If You Don't Buy This Book, We'll Kill This Dog: Life, Laughs, Love and Death at National Lampoon
- Author: Matty Simmons
- Language: English
- Genre: Nonfiction
- Publisher: Barricade Books
- Publication date: 1994
- Publication place: United States
- Media type: Print
- Pages: 335
- ISBN: 978-1569800027
- OCLC: 29637682

= If You Don't Buy This Book, We'll Kill This Dog! =

Book by Matty Simmons

If You Don't Buy This Book, We'll Kill This Dog: Life, Laughs, Love, and Death at National Lampoon is an American book that was published in 1994. It is a history based on the author Matty Simmons' involvement with National Lampoon magazine and its various spin-offs, including the film Animal House. (The title of the book is a reference to an infamous 1973 National Lampoon cover featuring a dog looking worriedly at the muzzle of a revolver pressed to its head, with the caption: "If You Don't Buy This Magazine, We'll Kill This Dog".)

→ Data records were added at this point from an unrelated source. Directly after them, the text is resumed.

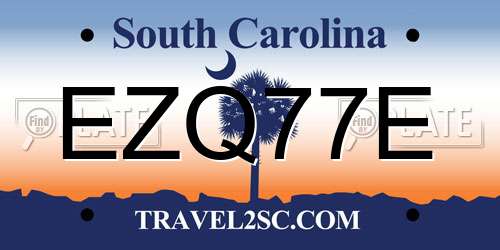 EZQ77E South Carolina License Plate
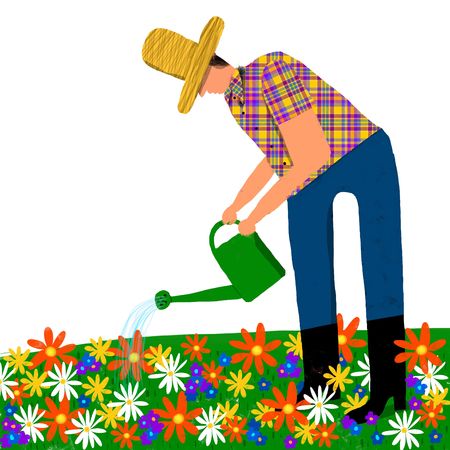 gardener waters the flowersの写真素材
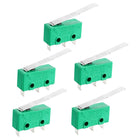 5PCS KW4-3Z-3 5A125/250VAC Micro Limit Switch SPDT NO NC 3 Terminals Momentary Long Hinge Lever Green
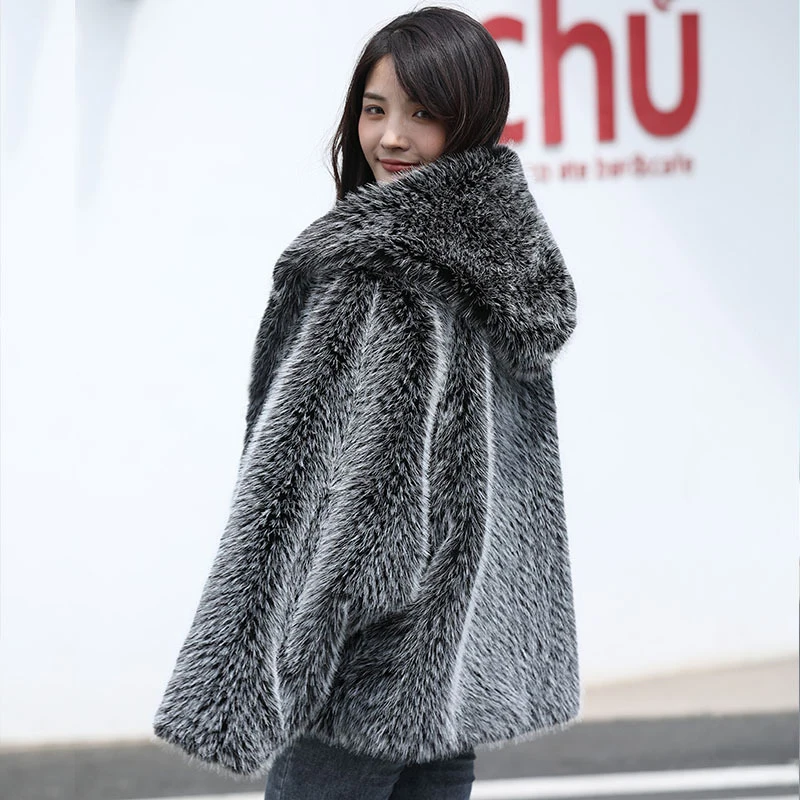 Silver Fox Fur Jacket Women Thick Warm Winter Hooded Fluffy Jacket Faux Fox Fur Coat Zip Pockets Furry шуба искусственный мех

Dating back to National Lampoon's debut in 1970, Simmons was the chairman of Twenty First Century Communications, Inc., of which the original National Lampoon, Inc. was created as a subsidiary company. From 1976 to 1977, Simmons was the publisher of the magazine, and from 1978 for a period of time, he was the publishing director. Simmons's film credits included being the producer of National Lampoon's Animal House and the National Lampoon's Vacation film series.

The book "covers National Lampoon's turbulent editorial periods of fluctuating staff and private vendettas, its haphazard film projects..., its recurrent controversy — from libel suits by Walt Disney and Liza Minnelli to advertising and newsstand boycotts spurred by guardians of public morality — and finally its disastrous takeover in the late '80s by a group led by one of the actors from Animal House."